今日のことば

【原文】
一燈を提げて暗夜を行く。暗夜を憂うること勿れ。只だ一燈を頼め。〔『言志晩録』第13章〕

【意訳】
暗い夜道をたっとひとつの提灯を下げて歩く。暗い夜を心配することはない。ただ手にする一燈を頼りに進めばよいのだ

【一日一斎物語的解釈】
遠い将来を心配する必要はない。ただ今やるべき事に全力を尽くせばよい。


今日のストーリー

今朝の神坂課長は、営業2課の山田さんと同行しているようです。

「この前、テレビ番組で言っていたのですが、西暦2100年には日本の人口は今の半分になるらしいですね」

「そうみたいだね。それって明治維新の頃の日本の人口なのかな?」

「大正時代の人口と同じくらいだそうです」

「なるほど、ということはそこからまた日本を洗濯すればいいじゃない!」

「残念ながら、その頃とは人口の構成比が違うらしいんです」

「あぁ、そうか。その頃は若い人がたくさんいたんだね。しかし西暦2100年は老齢人口が多くなっているわけか」

「そうです。だから、同じような復興は期待できません」

「山田さん、たしかに日本の行く末は心配ではあるけど、どうせ俺たちはその頃には死んでいるわけだし、悩んでも仕方がないよ」

「そうですねぇ」

「そんな先のことを心配するより、今目の前にあることに力を尽くすしかないよ」

「はい。そういえば、課長のところは男の子二人でしたよね?」

「うん。あ、山田さんは女の子二人だったね。ということは、俺たちは少なくとも最低限の人類貢献はできたのかもよ」

「そう考えましょうか?」

「うん、そしてガキ共にも結婚をして子供をつくるように教育していこうよ」

「そのためには、夫婦が仲よくして、子供たちに『結婚っていいな』と思ってもらわないといけませんね」

「ゲッ、それはできてないかも……」

「ウチは結構、仲が良いですよ。この前も、夫婦で旅行に行ってきました」

「それ以上言わないで! それにしても酷いなぁ、山田さん。せっかくポジティブになるような話をしたのに、それで俺を貶めるなんてさ」

「貶めているつもりはありませんよ。すみませんでした!!」

「ははは。わかってるよ。まぁ、とにかく、はるか彼方を見渡せるような強いライトよりも、この両足を踏み出す先の地面を照らす灯りがあれば歩いていくことはできるんだから、それでよしだよ!」

「はい。
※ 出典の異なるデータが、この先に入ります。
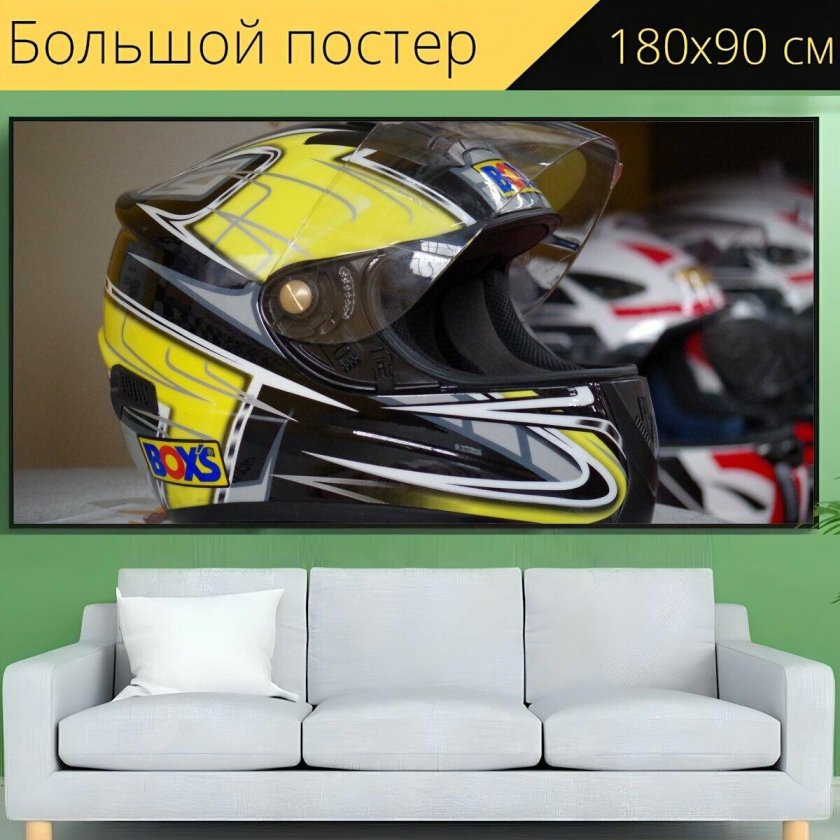 Гоночный шлем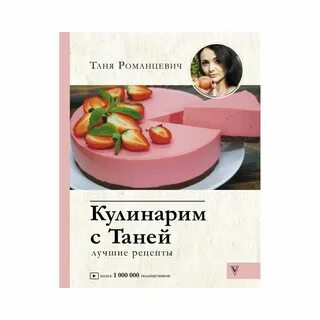 Таня купила книгу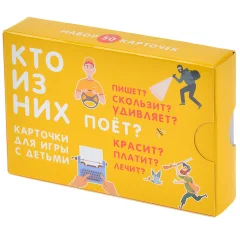 Кто из них поёт?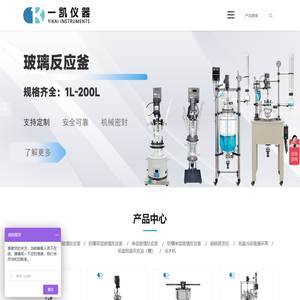 双层玻璃反应釜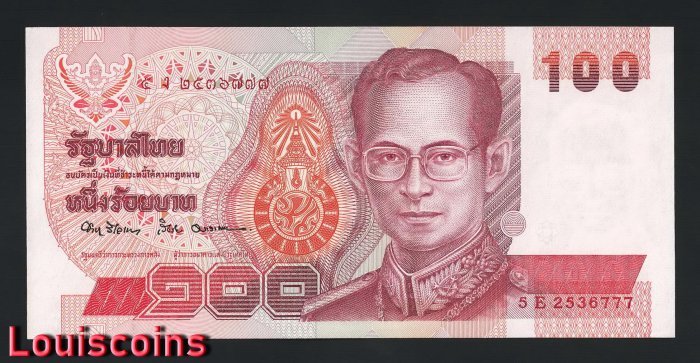 144-1 B144-THAILAND-ND (1994)泰國紙幣-100 Baht(312)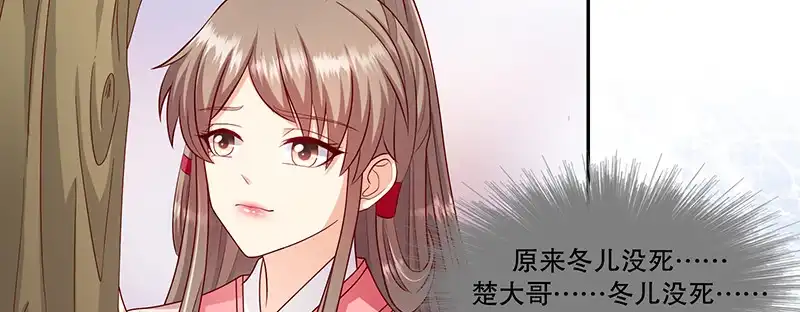 《蛇蝎不好惹：弃后也妖娆》第一百十四话上 冬儿没死！ 第108页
まずはこの両足を一歩前に進めていきます!!」


ひとりごと

一燈照隅・万燈照国、とは伝教大師最澄の言葉です。

安岡正篤先生は、後半を入れ替えて、萬燈遍照という言葉を使っています。

一人ひとりが、自分の身の回りを照らす。

たとえその一人の灯りはちっぽけでも、それが萬と集まれば、遍く全体を照らすことになる、という意味です。

まずは、自分の足元をしっかりと照らすことを意識しましょう。

それはすなわち一歩を踏み出すこと、つまり目の前の仕事に全力を尽くせということなのです。

その姿が周囲の人に化学変化を与え、皆が自分の周囲を照らす日がくると信じて!!